+++ Records for the task +++

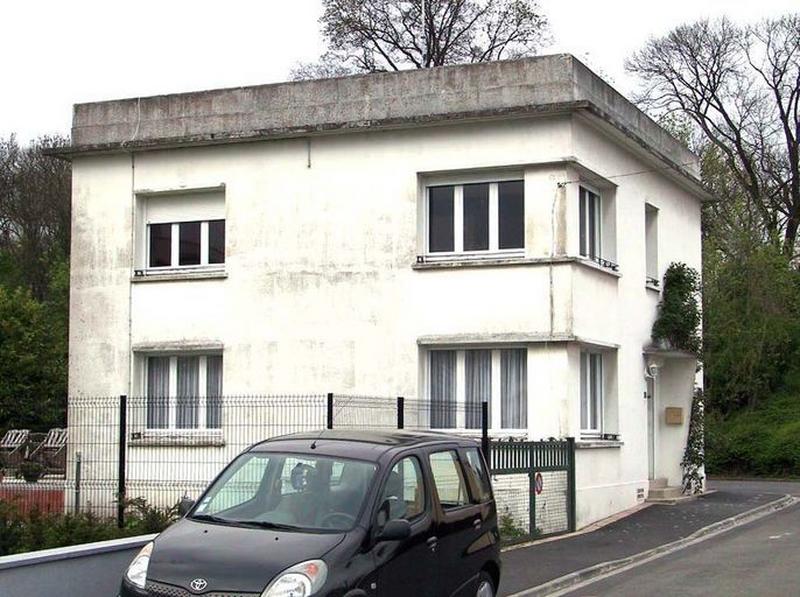 Logementde fonction, vue générale.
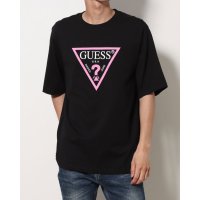 GUESS/ゲス GUESS Triangle Logo Tee/507181239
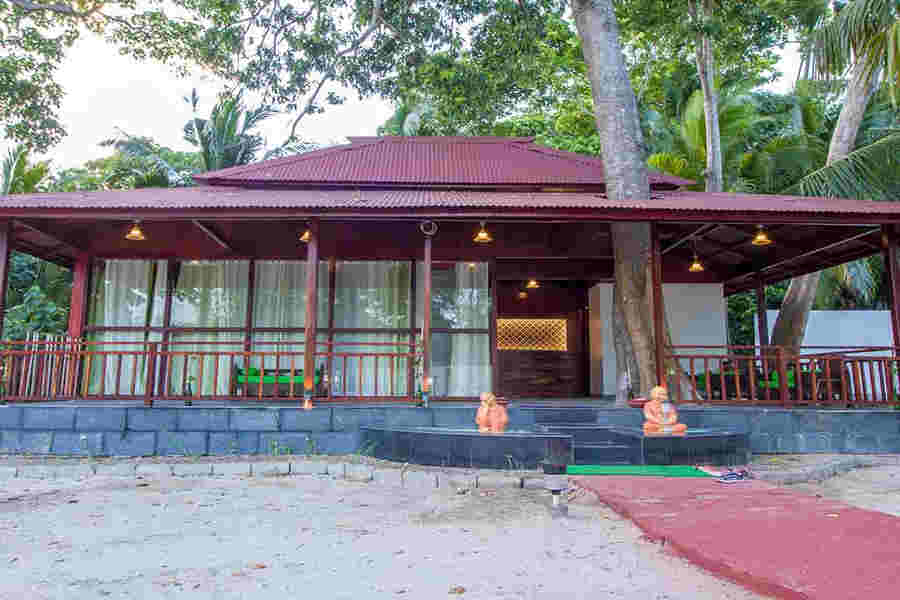 The Luxury Beach Resort In Neil Island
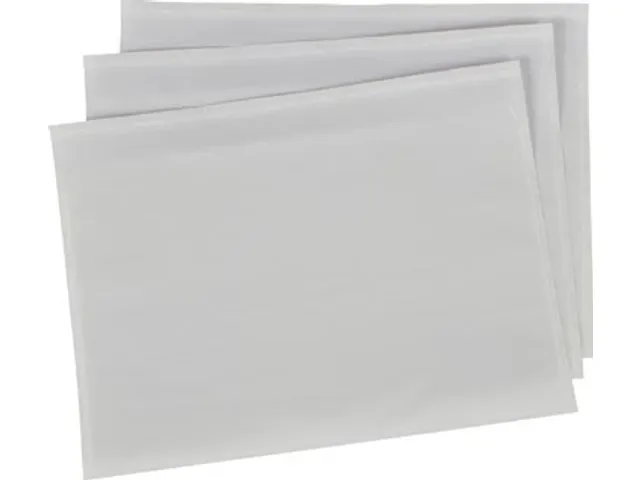 Paklijstenvelop Dokulops blanco C5 225x160mm 1000 stuks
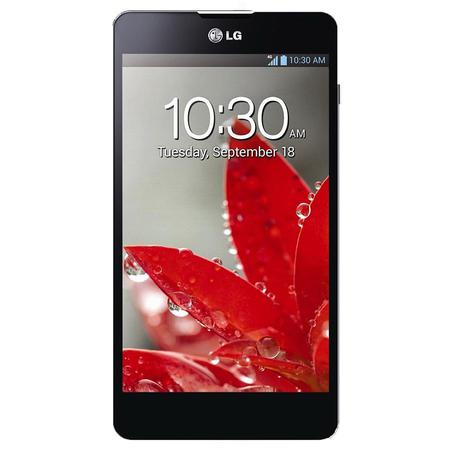 Смартфон LG Optimus G E975 Black - Черкесск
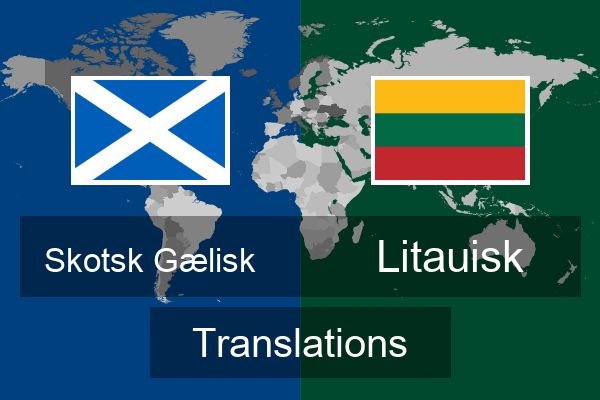  Litauisk Translations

+++

> **Your instructions**: The records above should be output exactly, but without any of their pictures.

> **Response area**:
 Logementde fonction, vue générale.
 GUESS/ゲス GUESS Triangle Logo Tee/507181239
 The Luxury Beach Resort In Neil Island
 Paklijstenvelop Dokulops blanco C5 225x160mm 1000 stuks
 Смартфон LG Optimus G E975 Black - Черкесск
  Litauisk Translations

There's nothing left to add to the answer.